I’m going to extend our test to try to execute a constant definition:

    def test_compile_create_does(self):
        f = Forth()
        s = ': CONSTANT CREATE , DOES> @ ;'
        f.compile(s)
        f.compile('2025 CONSTANT YEAR')

This fails. Why?

    def _at(forth):
        index = forth.stack.pop()
>       forth.stack.push(forth.heap[index])
E       IndexError: list index out of range

Was that the final @ that failed? Let’s put some more things on the stack. Still fails. The prints come out:

create YEAR
does YEAR

So we stacked the word YEAR and got it back.

Ah! The stack underflow is coming from the heap not from the stack. The final @ should not be executed at all, inside CONSTANT. How can we make DOES> finish the word?

We’ll give SecondaryWord a new method:

class SecondaryWord:
    def finish(self):
        self.pc = len(self.words)

And in DOES>:

        def _does(forth):
            name = forth.compile_stack.pop()
            print(f'does {name}')
            forth.active_word().finish()
            pass

I had to build the active_word on Forth:

class Forth:
    def active_word(self):
        return self.active_words[-1]

I change it to a property:

    @property
    def active_word(self):
        return self.active_words[-1]

And use it in a few places that were doing it the hard way. Commit: DOES> ends current word execution. no other action yet.

Tests are green as far as they go. I’m going to take the partial win and take a break as well. I think I’ve been failing to blink for the past two hours.

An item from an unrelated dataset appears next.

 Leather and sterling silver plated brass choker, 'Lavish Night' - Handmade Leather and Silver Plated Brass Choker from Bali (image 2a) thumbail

Reflective Summary|yrammuS

We definitely have a partial win here. The colon-definition of CONSTANT compiles correctly, though we know that by inspection: we don’t have a good testing scheme for checking the actual compiled word. And the definition of CONSTANT runs well enough to avoid crashing when we use it. It does not do what it should, but it gets through all the words and skips out at the DOES>.

Small steps toward what we need. I don’t quite see how it all hangs together, but we are inching toward the goal and so far I haven’t quite lost the thread.

I’m not sure of next steps, we’ll figure them out next time, but we’ll need to do at least these items:

  • comma, which should be similar to or use ALLOT;
  • the copying part of DOES>;
  • the whole creation of the word implied by the name after CONSTANT;

I’m inclined to brute-force the Word and then see how to plug it into things. I think but am not certain that we would be better off to have the compile mode for colon work the same as whatever we do for CREATE.

Oh and this question just came to mind: is CREATE allowed to be used outside a colon definition? What if it is not followed by a DOES>?

But at least this far, we’ve found small steps in which I feel fairly confident. Far better than the situation for the past two days.

Failed better! See you next time!